**Prompt:** Each entry is to be given again precisely, and no picture may be carried over.

________________

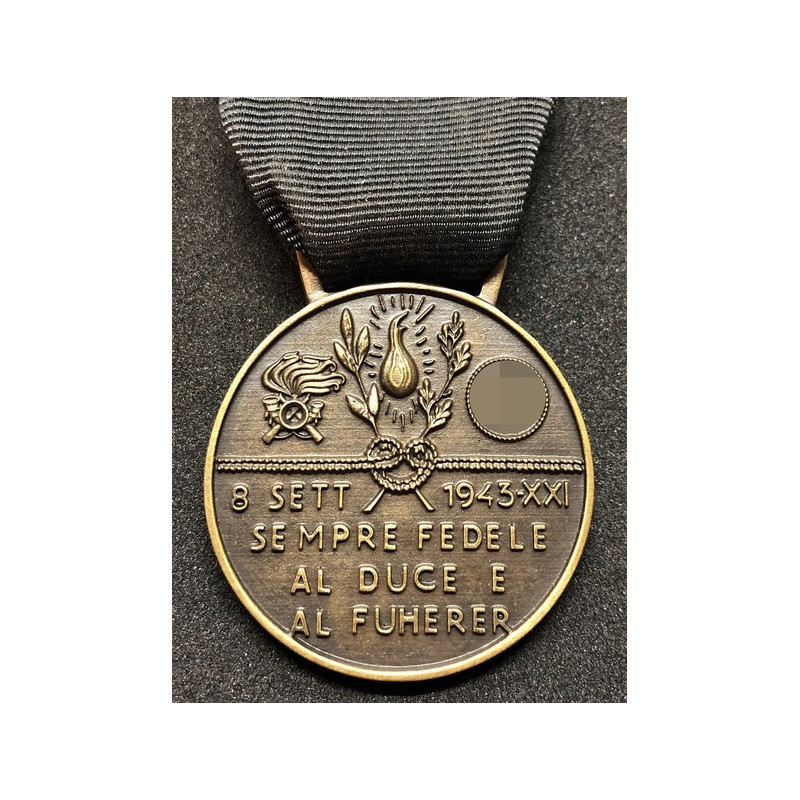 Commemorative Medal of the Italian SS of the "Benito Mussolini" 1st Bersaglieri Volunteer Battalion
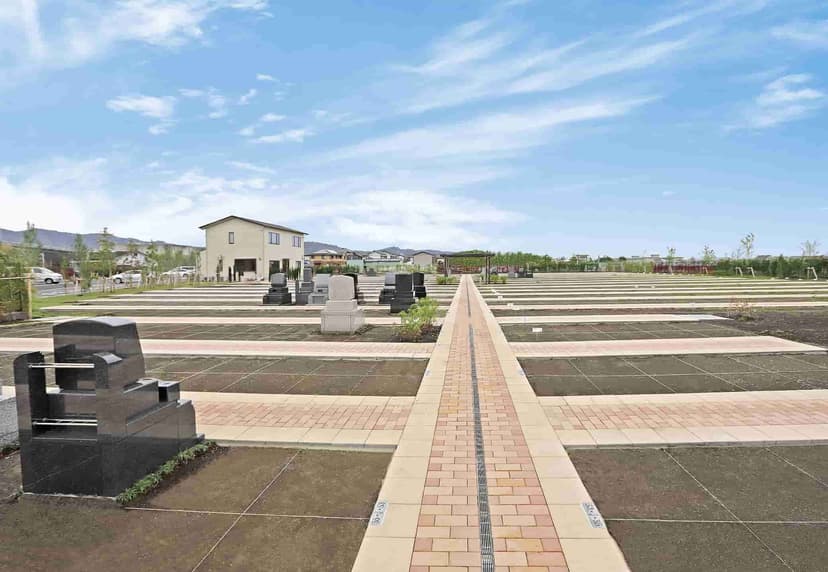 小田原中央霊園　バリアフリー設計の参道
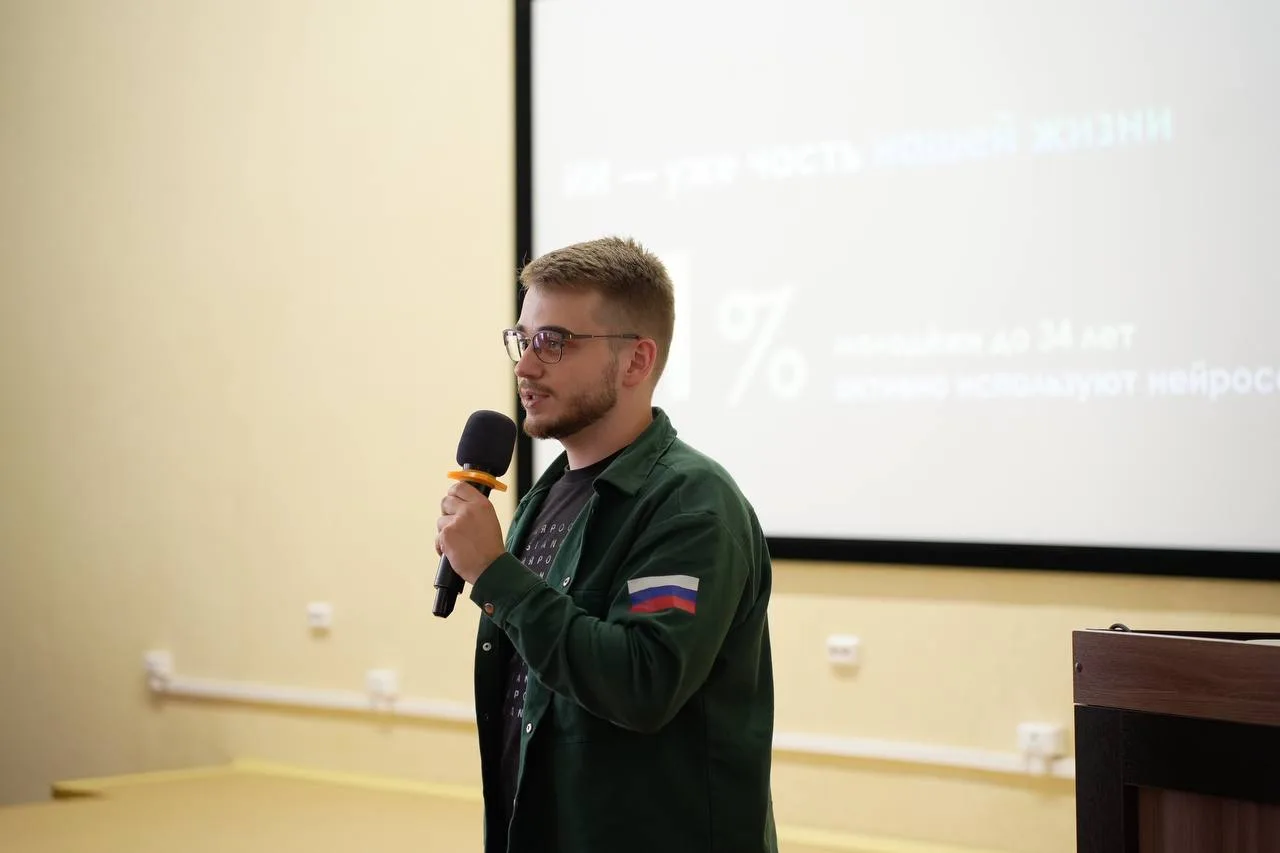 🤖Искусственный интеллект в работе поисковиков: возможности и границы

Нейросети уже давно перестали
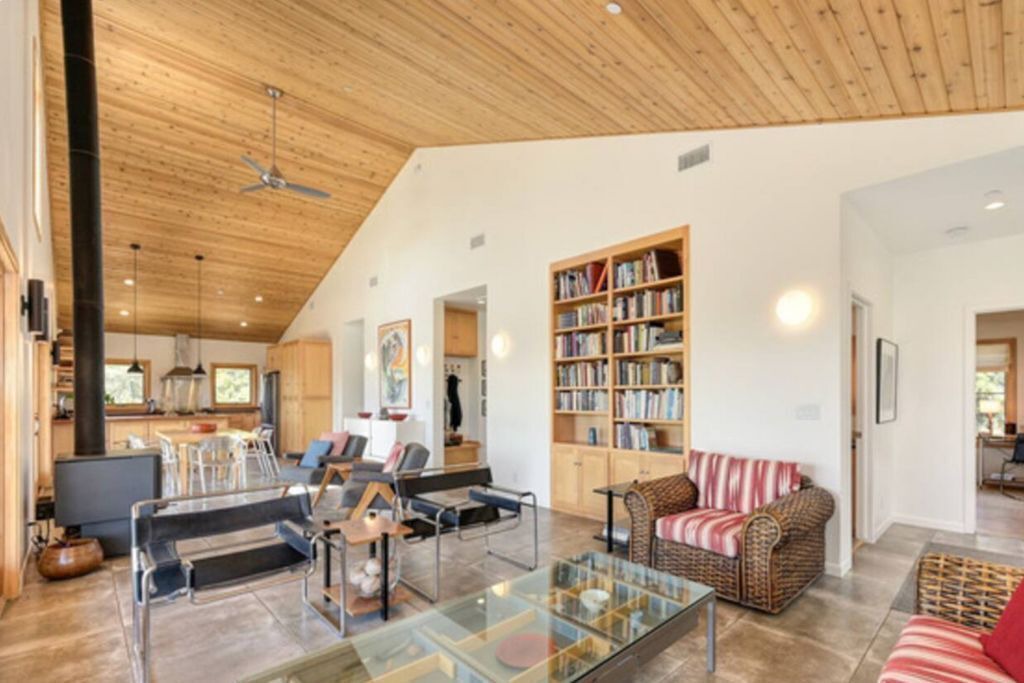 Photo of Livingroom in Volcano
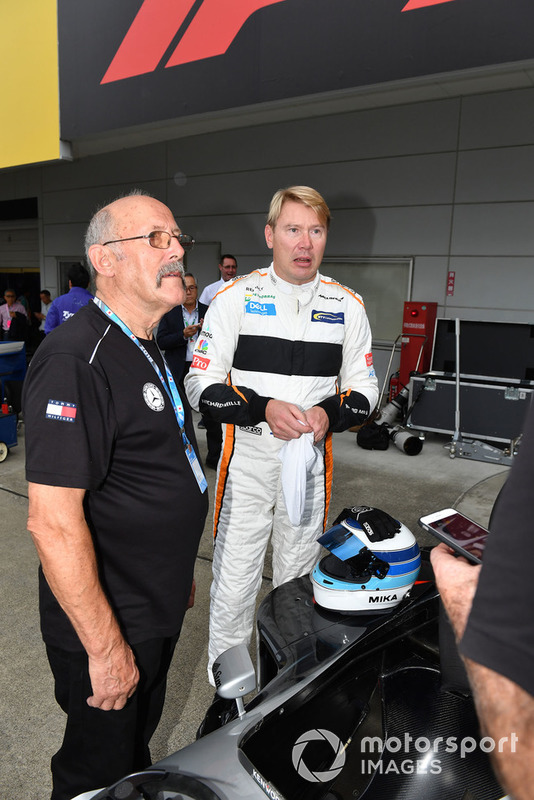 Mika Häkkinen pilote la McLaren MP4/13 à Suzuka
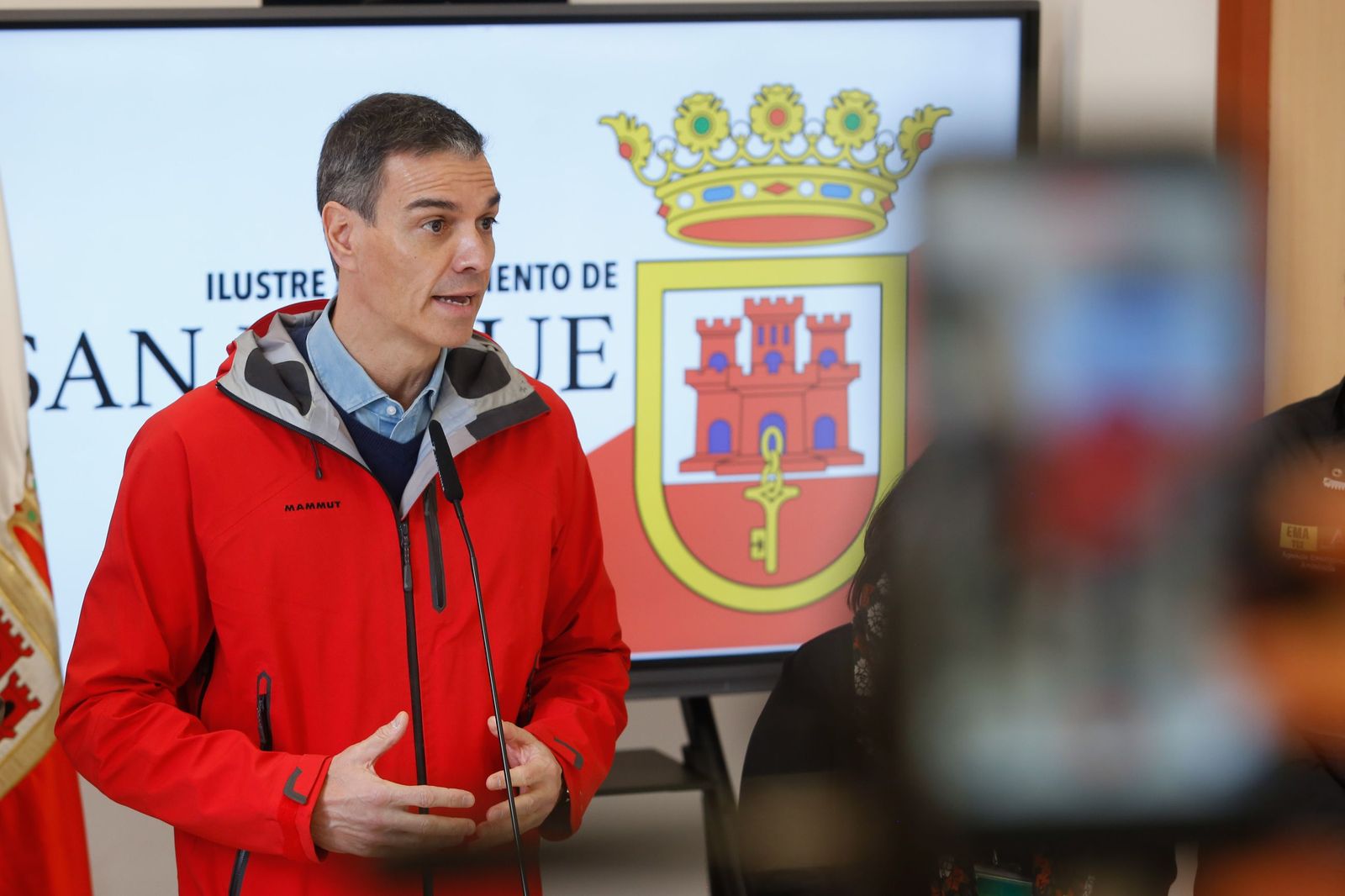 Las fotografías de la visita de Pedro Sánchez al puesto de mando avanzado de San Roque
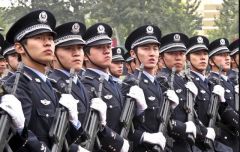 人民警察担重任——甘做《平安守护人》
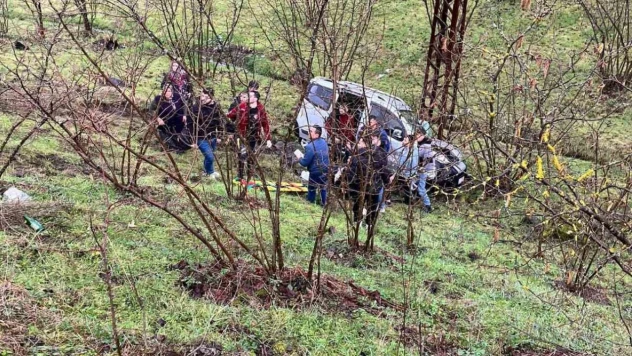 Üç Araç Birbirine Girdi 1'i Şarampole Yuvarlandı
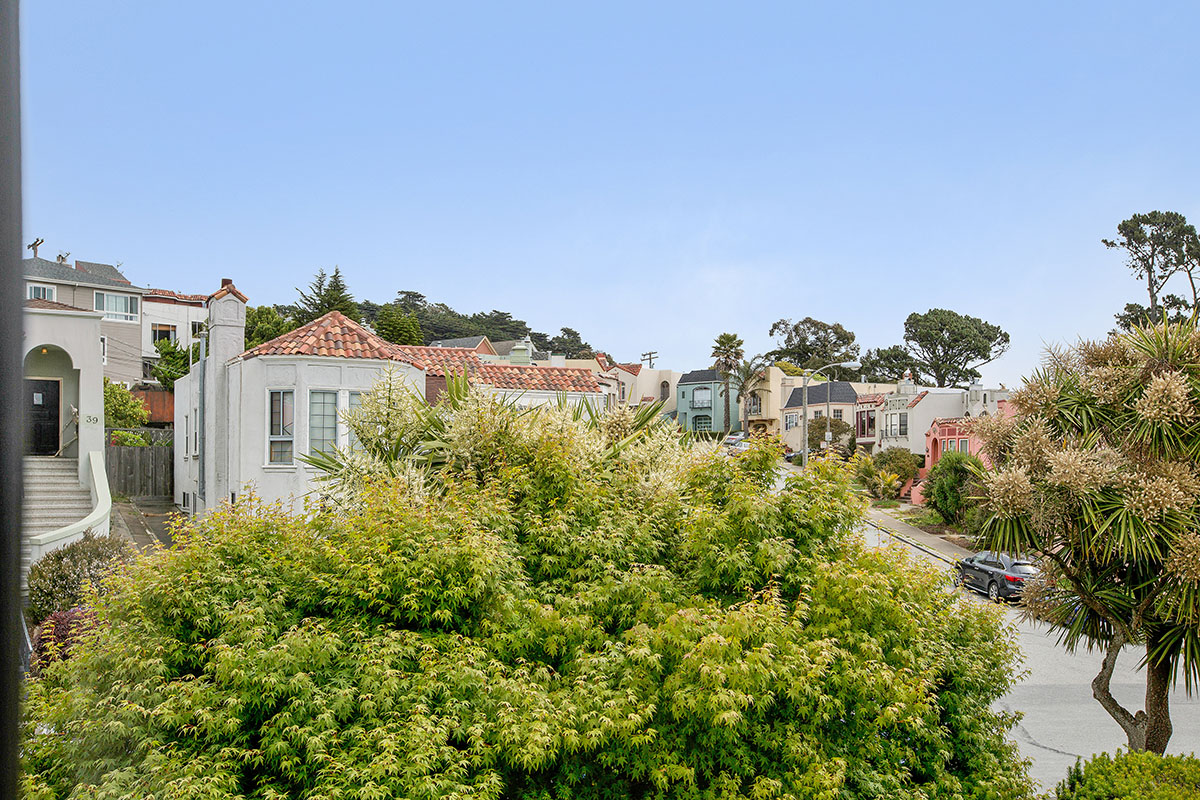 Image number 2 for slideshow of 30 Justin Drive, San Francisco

________________

**Solution to the problem:**
 Commemorative Medal of the Italian SS of the "Benito Mussolini" 1st Bersaglieri Volunteer Battalion
 小田原中央霊園　バリアフリー設計の参道
 🤖Искусственный интеллект в работе поисковиков: возможности и границы

Нейросети уже давно перестали
 Photo of Livingroom in Volcano
 Mika Häkkinen pilote la McLaren MP4/13 à Suzuka
 Las fotografías de la visita de Pedro Sánchez al puesto de mando avanzado de San Roque
 人民警察担重任——甘做《平安守护人》
 Üç Araç Birbirine Girdi 1'i Şarampole Yuvarlandı
 Image number 2 for slideshow of 30 Justin Drive, San Francisco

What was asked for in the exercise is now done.